By Erik Dolson
My local hardware store carries pleated furnace filters. The highest grade of these claims to have a pore size of .1 to .3 microns and be able to filter viruses. So I bought one and tore it apart, getting rid of the metal screen on both sides.
Then I cut a piece a little larger than the width of two of my hands with about seven (7) full pleats.
I wrapped a rubber band tightly around one end, and then another rubber band tightly around the other end.
Then I cut two pieces of string about double the width of one of my hands.
I fed one end of one string under a loop of one of the rubber bands, and then tied the two ends of the string together with a square knot. I did the same to the other end of the mask.
I opened the pleats, which turned the mask into a small “bowl” shape or half dome and put the mask on. I had to adjust one of the strings around my ear for a better fit, and I was finished.
I like this mask. It takes very little time to make, is disposable, should provide adquate coverage and protection. I read that some are recommending Tyvek, the white plastic they use now to sheathe houses before installing the final siding, as a filter.
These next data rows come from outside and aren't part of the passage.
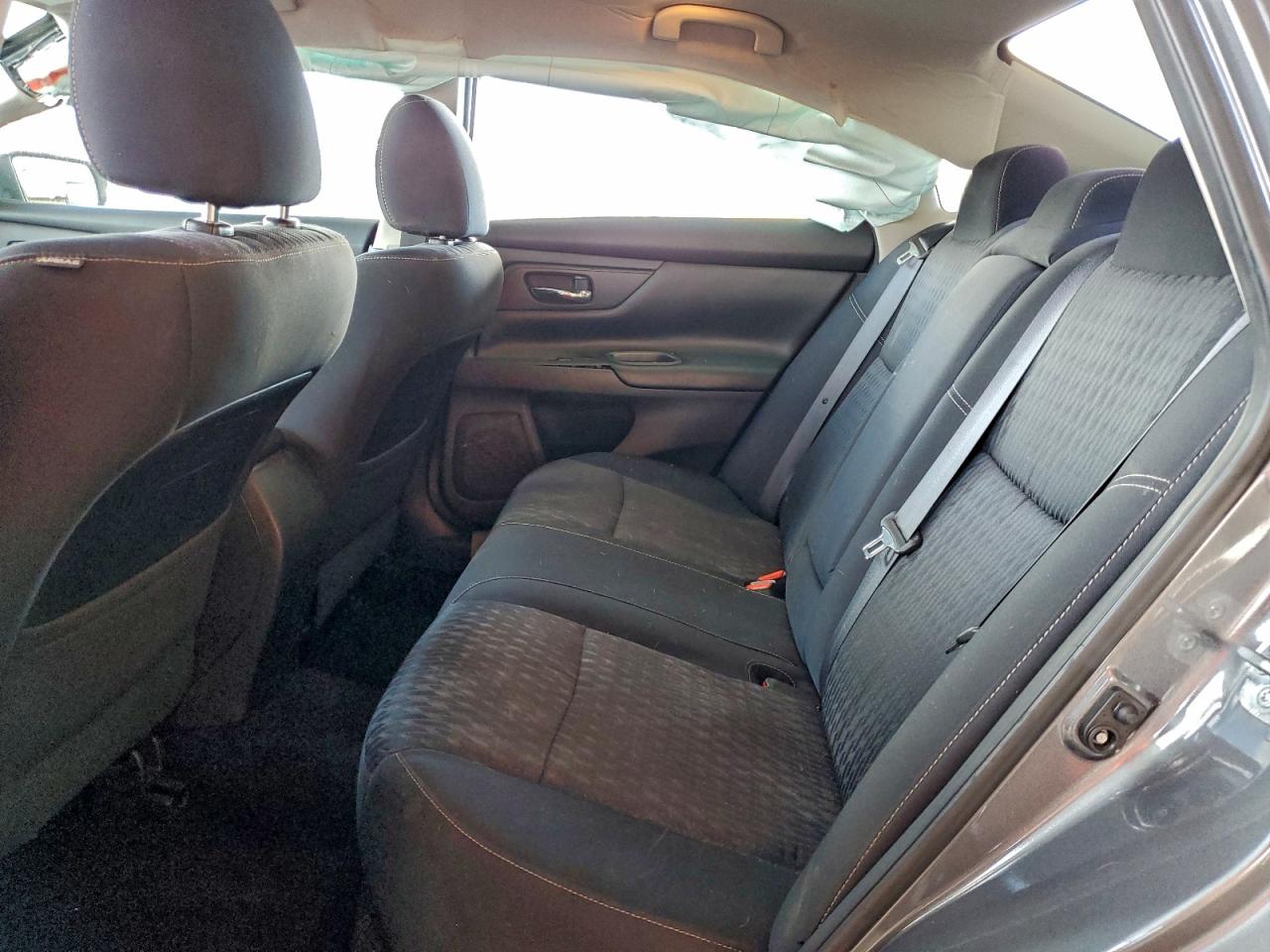 2017 NISSAN ALTIMA 2.5 photo 10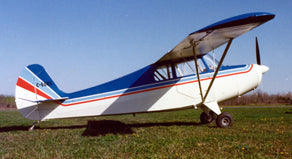 Christavia Mk-4 4130 Tube Kit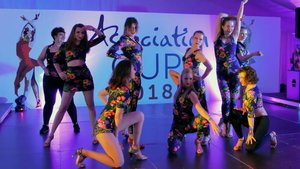 ''Association Cup 2018'' - Bachata Lady Style (Светлогорск - 03.06.2018)
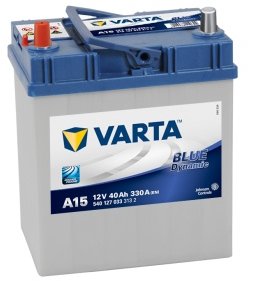 Акція на Varta 6СТ-40 Blue Dynamic (A15) від Y.UA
The furnace filter does feel like Tyvek, but I have no idea about relative effectiveness.
In fact, since I have no way of testing, I have no idea how effective my new mask is going to be. There are no guarantees.
But it fits, is easy to wear, cheap and disposable, and I’m going to leave the N-95 masks for health care workers, cops, grocery story clerks, post office employees and delivery people — those who make “shelter in place” possible for the rest of us.